[Opening DATA SUPPLIED section]

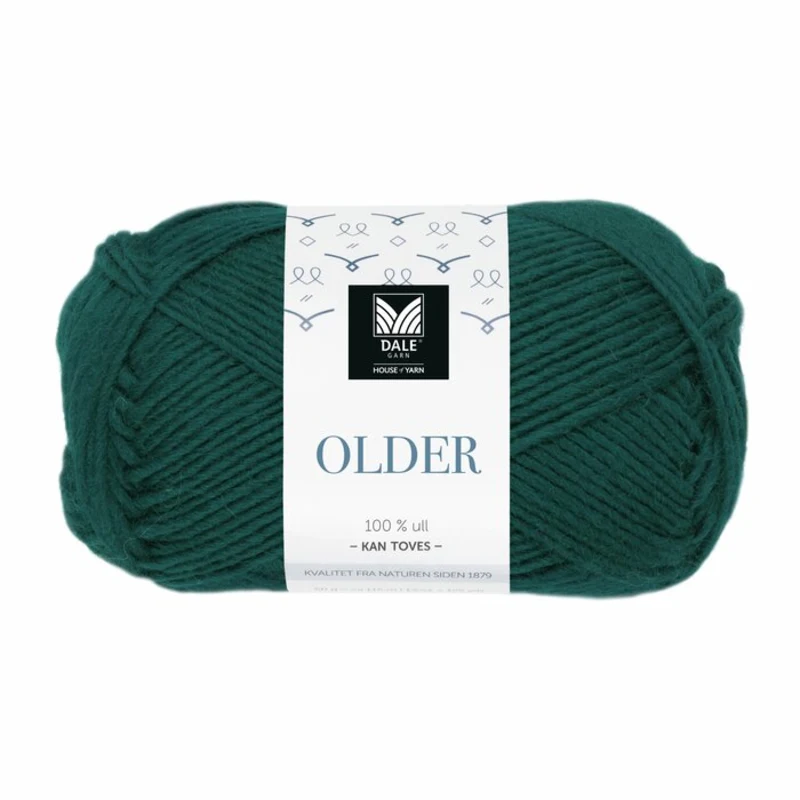 Dale Older 413 Grangrøn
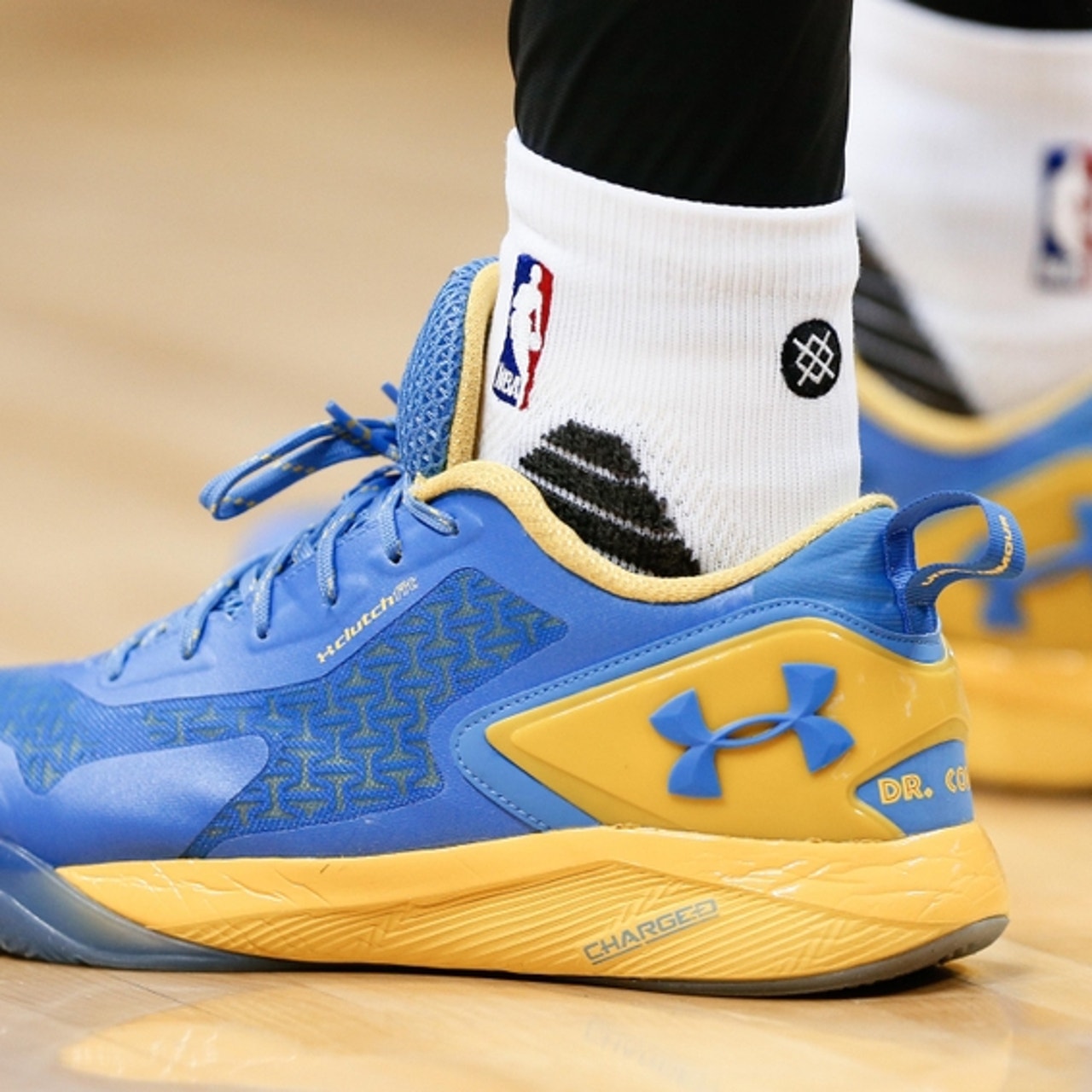 Emmanuel mudiay basketball shoes top
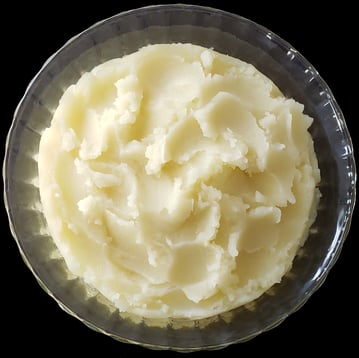 Mashed Potatoes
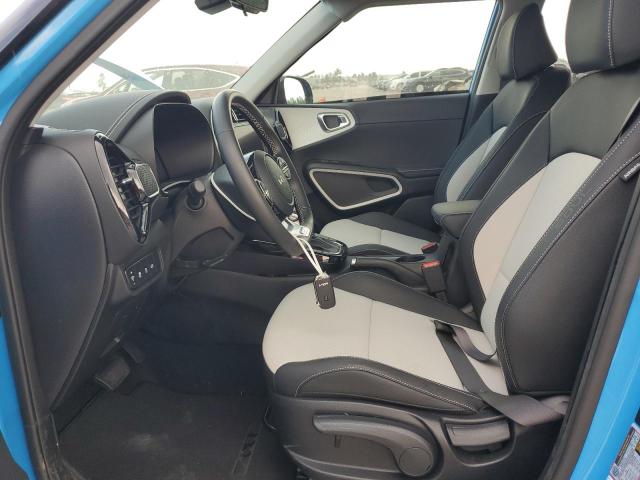 2023 KIA SOUL GT LI - KNDJ53AUXP7194157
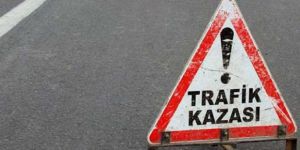 İzmir, Menemen’de trafik kazası: 1 ölü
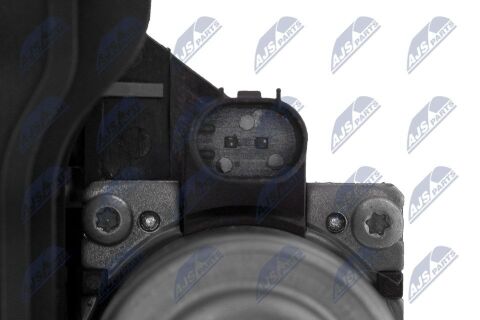 Клапан регулювання подачі охолоджувальної рідини Клапан регулювання подачі охолоджувальної рідини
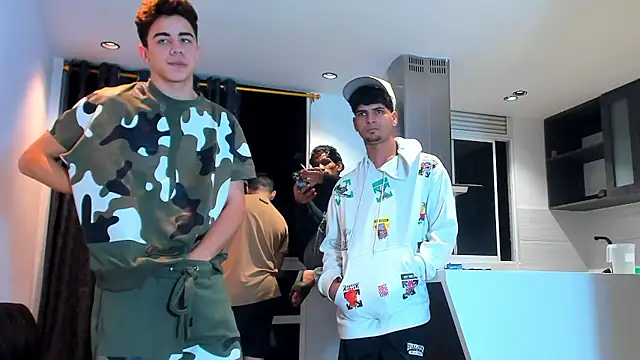 Miguel bigcock online show from January 16, 2026, 3:43 am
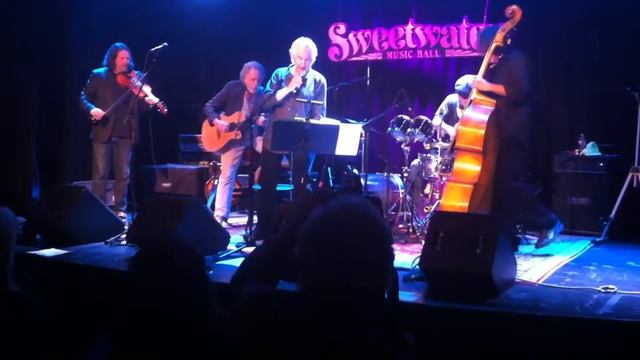 Bob Weir, Rob Wasserman, Michael McClure, Jay Lane, Jason Crosby - 9/12/13 - Mill Valley, CA смотреть онлайн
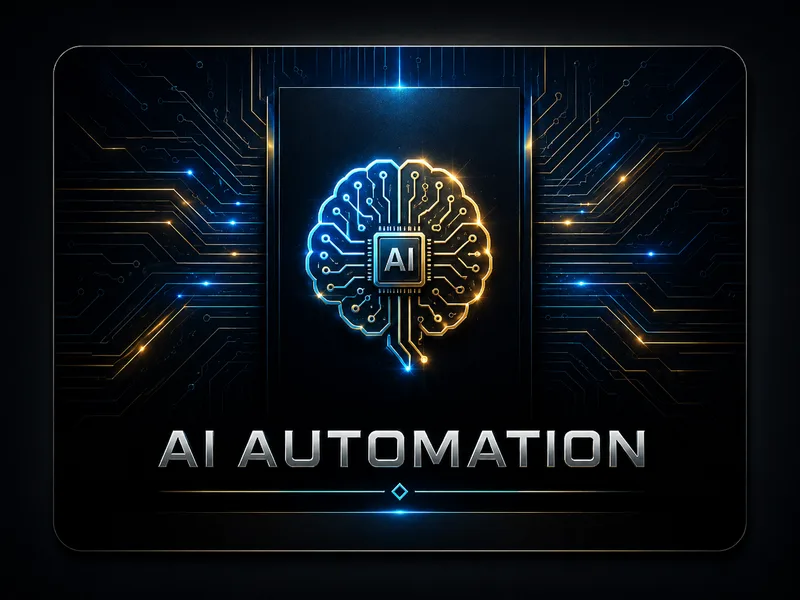 ASN Society — AI Automation · screenshot 1 of 1
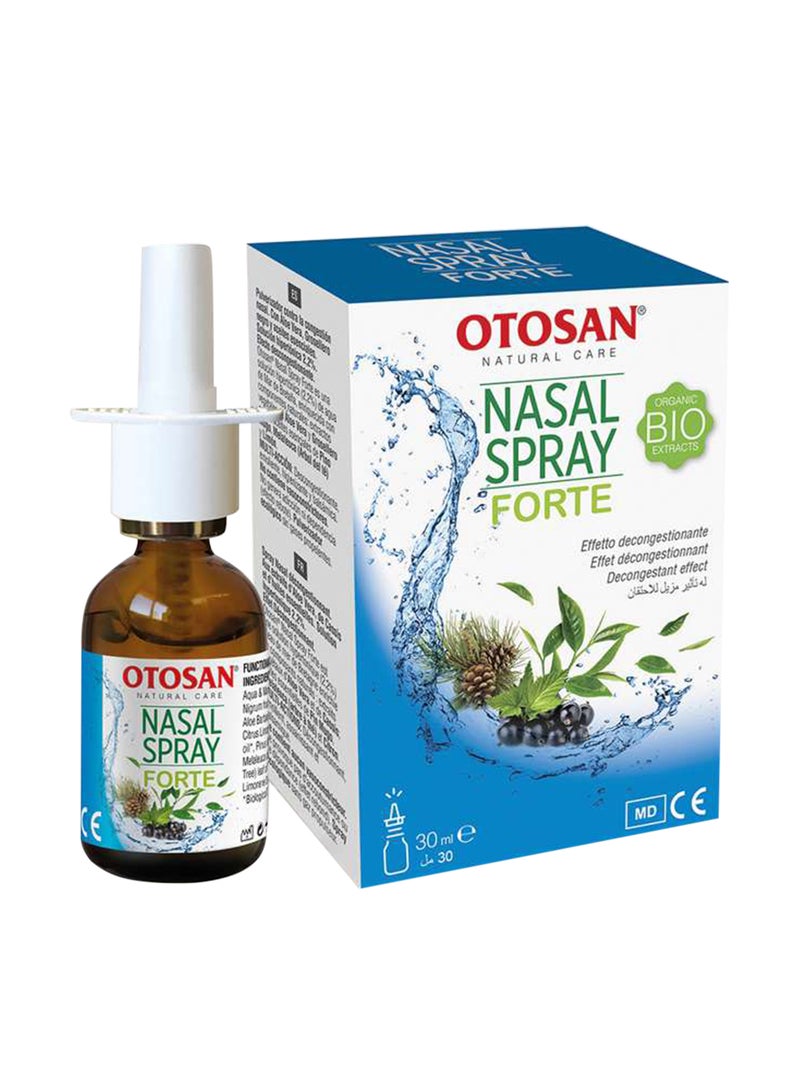 Nasal Spray Forte 30Ml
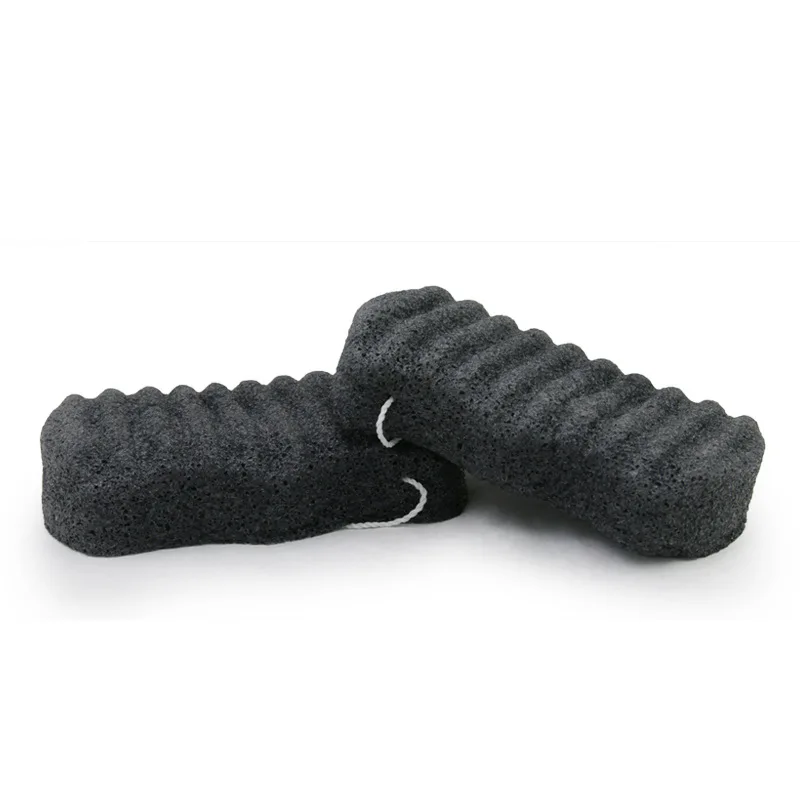 New Arrival Natural Afro Coil Braider Waves Black Beauty Black Hair Twist Hair Removal Sponge For Barbershop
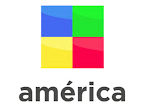 América TV LOGO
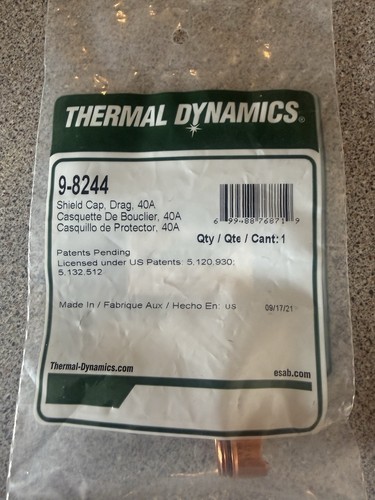 Esab thermal dynamics plasma - esab,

[Closing DATA SUPPLIED section]

Only the lines from the line with "İzmir, Menemen’de trafik kazası: 1 ölü" through the end of the entries above, copied exactly and with both ends included, belong in the response; the pictures do not.

 İzmir, Menemen’de trafik kazası: 1 ölü
 Клапан регулювання подачі охолоджувальної рідини Клапан регулювання подачі охолоджувальної рідини
 Miguel bigcock online show from January 16, 2026, 3:43 am
 Bob Weir, Rob Wasserman, Michael McClure, Jay Lane, Jason Crosby - 9/12/13 - Mill Valley, CA смотреть онлайн
 ASN Society — AI Automation · screenshot 1 of 1
 Nasal Spray Forte 30Ml
 New Arrival Natural Afro Coil Braider Waves Black Beauty Black Hair Twist Hair Removal Sponge For Barbershop
 América TV LOGO
 Esab thermal dynamics plasma - esab,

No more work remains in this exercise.